■ TASK REQUIREMENTS: Repeat the listing exactly as given, omitting every image.

■ INPUT DATA:

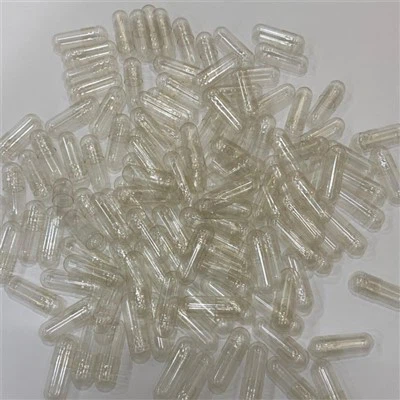Capsules de gélatine transparentes Taille 0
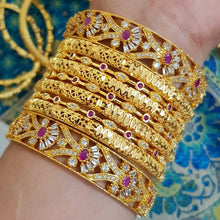 Exquisite Signature Gold Sheened Bangles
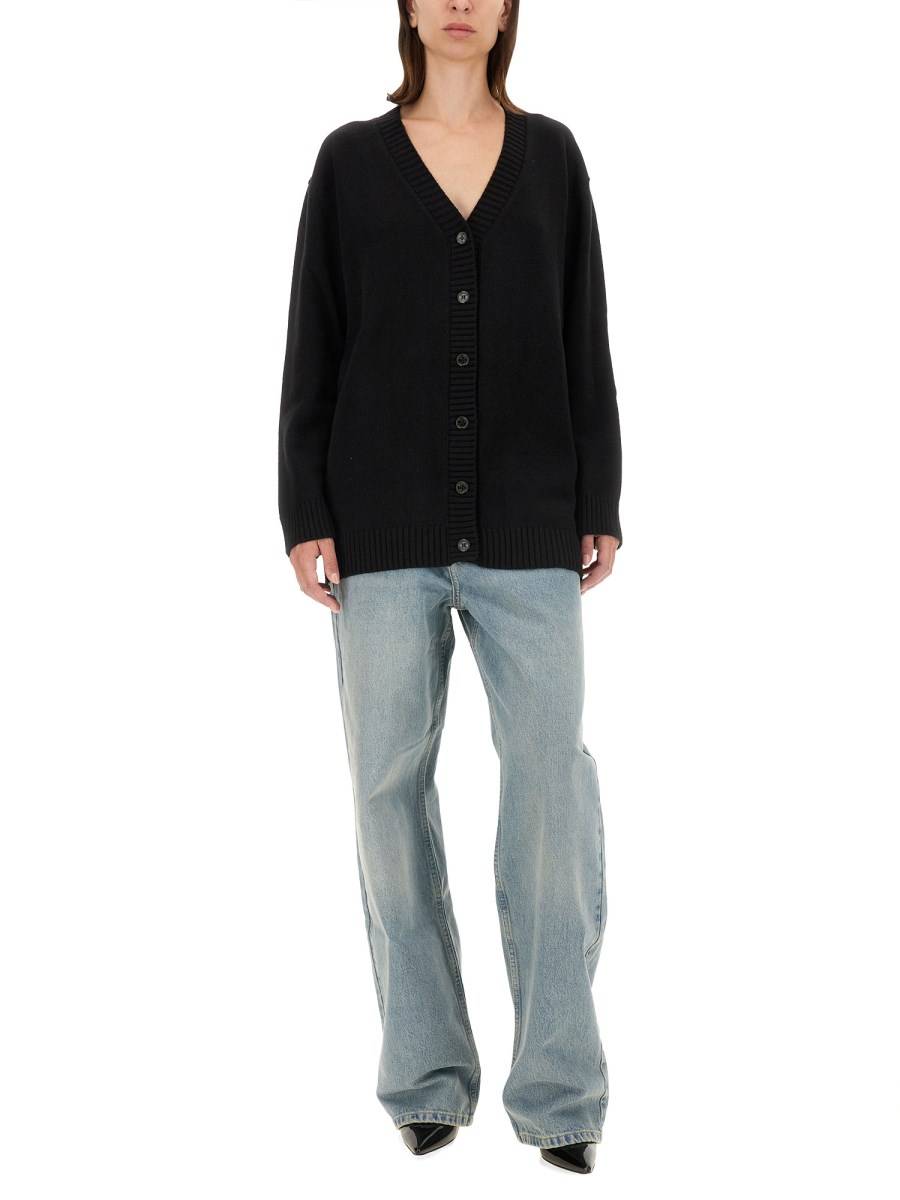 MOSCHINO JEANS CARDIGNA IN MAGLIA In Saldo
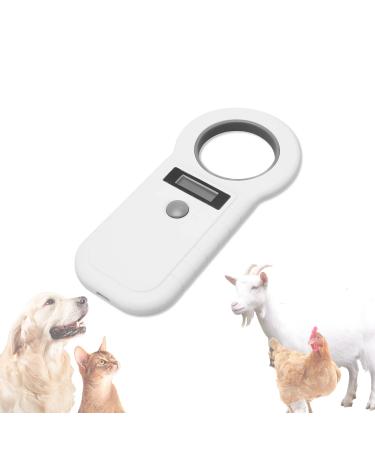 Gugxiom chipshots for animals Tier Chip Reading device for wireless 2.4g/Bluetooth or USB cable transmission to the PC can save 128 labels for EMID FDX B (ISO1784 85) (white)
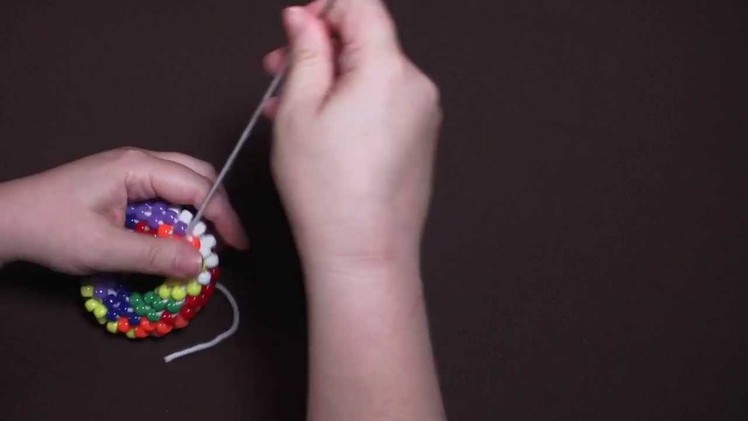 Bead Crochet Demo--Seven-Color Torus in Pony Beads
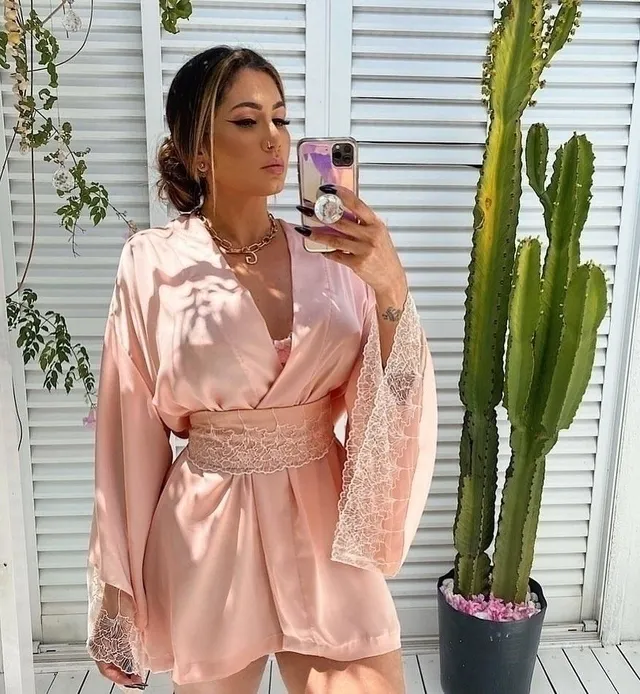 Kira Rosé Robe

■ WRITTEN RESPONSE:
Capsules de gélatine transparentes Taille 0
 Exquisite Signature Gold Sheened Bangles
 MOSCHINO JEANS CARDIGNA IN MAGLIA In Saldo
 Gugxiom chipshots for animals Tier Chip Reading device for wireless 2.4g/Bluetooth or USB cable transmission to the PC can save 128 labels for EMID FDX B (ISO1784 85) (white)
 Bead Crochet Demo--Seven-Color Torus in Pony Beads
 Kira Rosé Robe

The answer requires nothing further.